In [42]:
import numpy as np
import pandas as pd 
import seaborn as sns
import matplotlib.pyplot as plt
import plotly.graph_objects as graphObjects
from plotly.offline import init_notebook_mode, iplot
from sklearn.metrics.pairwise import cosine_similarity
from sklearn.feature_extraction.text import CountVectorizer
from rake_nltk import Rake

In [43]:
data=pd.read_csv("D:/Projects/Netflix Recommendation/inputs/netflix_titles.csv") #Read CSV 
data= data[['title','director','cast','listed_in','description']]  #Extract Needed data from the CSV
data.head() #Display new Dataset

Unnamed: 0,title,director,cast,listed_in,description
0,Norm of the North: King Sized Adventure,"Richard Finn, Tim Maltby","Alan Marriott, Andrew Toth, Brian Dobson, Cole...","Children & Family Movies, Comedies",Before planning an awesome wedding for his gra...
1,Jandino: Whatever it Takes,,Jandino Asporaat,Stand-Up Comedy,Jandino Asporaat riffs on the challenges of ra...
2,Transformers Prime,,"Peter Cullen, Sumalee Montano, Frank Welker, J...",Kids' TV,"With the help of three human allies, the Autob..."
3,Transformers: Robots in Disguise,,"Will Friedle, Darren Criss, Constance Zimmer, ...",Kids' TV,When a prison ship crash unleashes hundreds of...
4,#realityhigh,Fernando Lebrija,"Nesta Cooper, Kate Walsh, John Michael Higgins...",Comedies,When nerdy high schooler Dani finally attracts...


In [44]:
data.columns  #GEt Data Columns

Index(['title', 'director', 'cast', 'listed_in', 'description'], dtype='object')

In [45]:
data.dtypes

title          object
director       object
cast           object
listed_in      object
description    object
dtype: object

In [46]:
data.shape  #Get Number of Datas in the Data set

(6234, 5)

In [47]:
# Pre processing data - Fill Nul Director,Cast Rows
data['director']=data['director'].fillna(' ')
data['cast']=data['cast'].fillna(' ')

# Set direstor and cast data type to String
data['director']=data['director'].astype('str')
data['cast']=data['cast'].astype('str')

In [48]:
data['WordBulk']= ''  #Add new Column to data set

#Iterate threw the dataset
for index,row in data.iterrows():  
      
    category = ''.join(row['listed_in'].split(',')).lower()  #Get Category of the each  
    cast = ' '.join(row['cast'].replace(' ','').split(',')).lower()  #Get actors in each
    director = ''.join(row['director'].replace(' ','').split(',')).lower() #Get director of Each
    

    plot = row['description']  #add desription to a dataframe
    extracter = Rake()  
    extracter.extract_keywords_from_text(plot)  #extract key words in the descriptions of each
    words_in_description = extracter.get_word_degrees() #get those extracted key words
    
    description = ' '.join(list(words_in_description.keys())) #Key words in the description
    row['WordBulk'] = category + ' ' + ' ' + director + ' ' + cast + ' '+description  #And identified key words from each sections of each item(Movie or Tv Series)
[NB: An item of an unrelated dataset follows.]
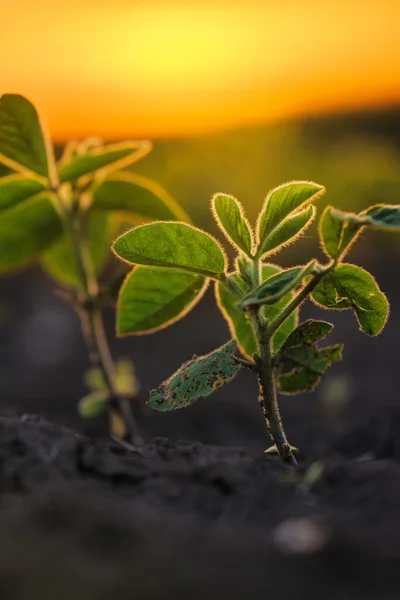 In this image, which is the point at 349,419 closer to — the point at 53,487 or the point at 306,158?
the point at 53,487

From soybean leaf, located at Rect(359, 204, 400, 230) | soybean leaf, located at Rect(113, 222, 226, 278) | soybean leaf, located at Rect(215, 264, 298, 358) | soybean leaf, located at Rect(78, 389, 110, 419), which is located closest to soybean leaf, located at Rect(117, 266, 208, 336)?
soybean leaf, located at Rect(215, 264, 298, 358)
recomendation_data = data[['title','WordBulk']] #Set title and word bulk to a new data frame
recomendation_data.head()  #Display data frame

Unnamed: 0,title,WordBulk
0,Norm of the North: King Sized Adventure,children & family movies comedies richardfinn...
1,Jandino: Whatever it Takes,stand-up comedy jandinoasporaat raising kids...
2,Transformers Prime,kids' tv petercullen sumaleemontano frankwel...
3,Transformers: Robots in Disguise,kids' tv willfriedle darrencriss constancezi...
4,#realityhigh,comedies fernandolebrija nestacooper katewals...


In [49]:
model = CountVectorizer()   #Count Vectorizer model
count_matrix = model.fit_transform(recomendation_data['WordBulk']) #Fit data to the model  
similarity_matrix = cosine_similarity(count_matrix,count_matrix)  #Train the model(This matrix shows one items similarity to others- Squred Metrix)
#Matrix=m(i,j) i=columns j=rows when i=j  m(i,j)=1

print(similarity_matrix) #Display similarity matrix

[[1.         0.         0.         ... 0.0942809  0.03086067 0.03390318]
 [0.         1.         0.04472136 ... 0.         0.         0.        ]
 [0.         0.04472136 1.         ... 0.         0.10141851 0.07427814]
 ...
 [0.0942809  0.         0.         ... 1.         0.         0.        ]
 [0.03086067 0.         0.10141851 ... 0.         1.         0.21971769]
 [0.03390318 0.         0.07427814 ... 0.         0.21971769 1.        ]]


In [50]:
titles = pd.Series(recomendation_data['title']) #Get titles list

#Function for view recomended items for given movie or TV series 
def recommendationEngine(name):
    recomend_list=[] #recomendation list 
    index = titles[titles == name].index[0] #get index of the given name 
    sort_index = pd.Series(similarity_matrix[index]).sort_values(ascending = False)  #get indexes of the simillar items for the given name from the matrix
    similarItems = sort_index.iloc[1:6]  #Get First 5 recomended items
    for i in similarItems.index:
        recomend_list.append(titles[i])   #Add recomended items to the List
    for movie in recomend_list:
        print(movie)      #Display recomeded list

In [51]:
recommendationEngine('The Runner')

The Rehearsal
A Billion Colour Story
Manto
Princess Cyd
Sunday's Illness


In [52]:
recommendationEngine('6 Underground')

Abdo Mota
Highway
Furie
Veerappan
Naan Sigappu Manithan


In [53]:
recommendationEngine('Monster Island')

Zipi & Zape y la Isla del Capitan
In This Corner of the World
Raising the Bar
Santa Girl
Chitty Chitty Bang Bang